It performed very well at the Texas Auto Writer’s Association annual truck rodeo where seasoned writers – most based in Texas– took the Evoque on the same ranch course as the Ford Raptor and F-150, GMC and Chevy Silverado pick-ups and an array of Ram Trucks. In the mix were Nissan PRO-4X and Toyota Tundras and SUVs, also.
Evoque was one of the most driven vehicles among the 50+ entries and the biggest gripe was from writers who never got a chance to drive it. Response by writers who did was the opposite of readers who responded to the Texas Fish & Game piece. For the record, Texas Truck of the Year was the Ford F-150 and Texas SUV was the Jeep Grand Cherokee.

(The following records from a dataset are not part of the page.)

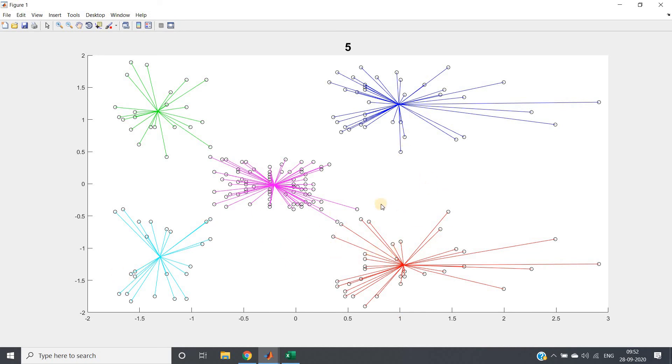This one belongs to those customers for which income is more but spending score is less, that is they want to save their money. This particular customer segment belongs to those customers for which income is more and spending score is also more. If you are running one mall, you can focus more on this particular segment because it might be profitable.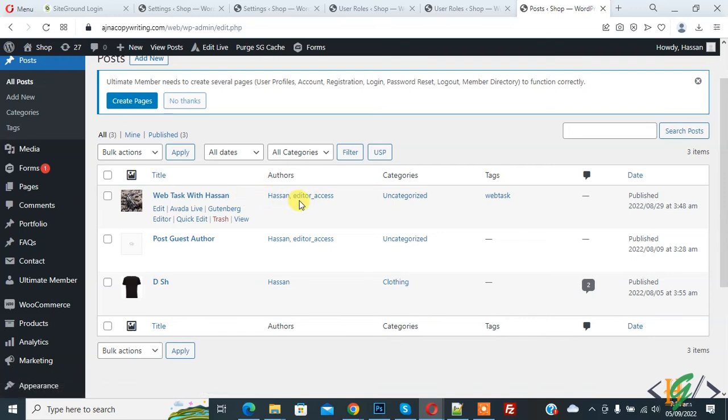Asan and Editor Access. So in this way you can add multiple co-authors in WordPress post.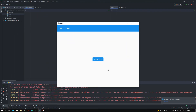What is up people, how's it going? Back again with another video. In this video we are going to learn how to use toast messages using Python's Kivy and KivyMD.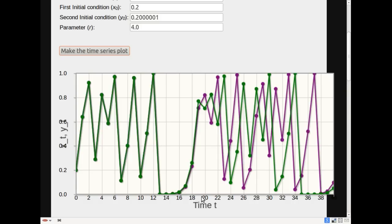I'll do another example, talk through another scenario, and then I'll define sensitive dependence on initial conditions a bit more carefully.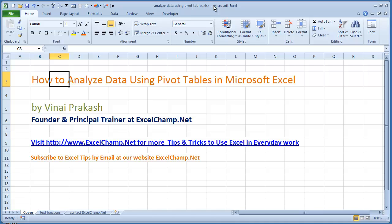Today in this video, I want to show you how you can analyze data using pivot tables in Microsoft Excel. Most people do not realize how easy it is to use pivot tables to analyze any kind of data. Pivot tables have been existing in Microsoft Excel since ages.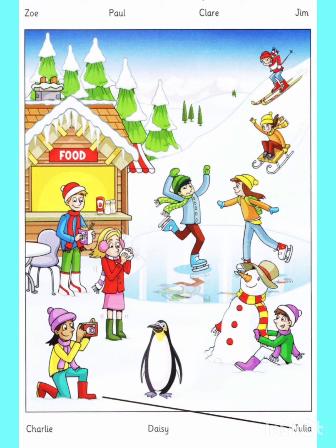Yes. Look, there's my sister Julia. She's taking a photo. Yes, of the penguin. It was very funny. Can you see the line? This is an example.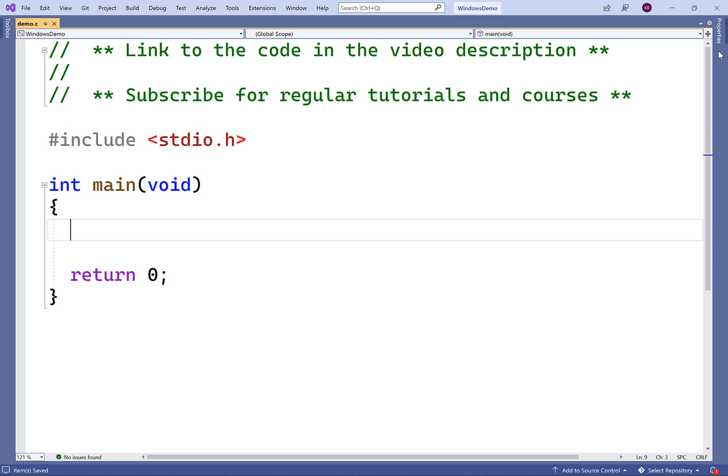In this video we're going to learn how to get the current working directory of a C program running on a Windows machine using the _getcwd function of the direct.h library. If we were using a Unix-like system like a Linux machine or a Mac machine, we would probably use the POSIX library to achieve the same functionality.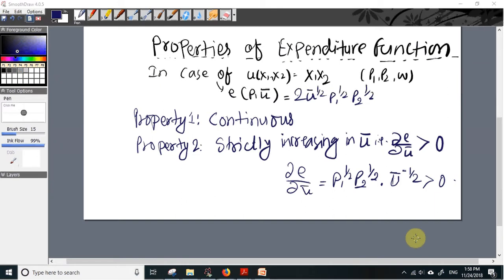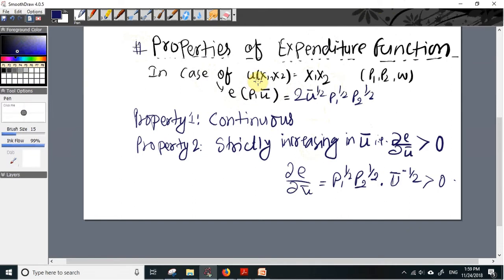Hello. In this video I will discuss some properties of the expenditure function. In the previous video we talked about how to derive the expenditure function using the expenditure minimization program, or by utilizing the indirect utility function. In that video we used the Cobb-Douglas utility function u = x1 times x2, and we derived the expenditure function as e(p, ū) = 2 times ū^(1/2) p1^(1/2) p2^(1/2).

“One of these rugged Texas he-men described it as appropriate for soccer moms going to the spa who want to say they drive a Range Rover, while another questioned my credentials as an auto writer,” says Nelson. “When I asked them if they had ever driven the Evoque, which has a starting price of $45,000 and a 240hp turbocharged Si4 engine, they never responded, but I would love to hear from them.”
Adds Nelson: “Every sport truck in Texas isn’t a pickup and it’s different strokes for different folks when it comes to what constitutes a Texas sport truck, I guess. But all of the fighting words sounded a lot more like the Republican presidential candidates race than an annual prize for truck maker bragging rights.”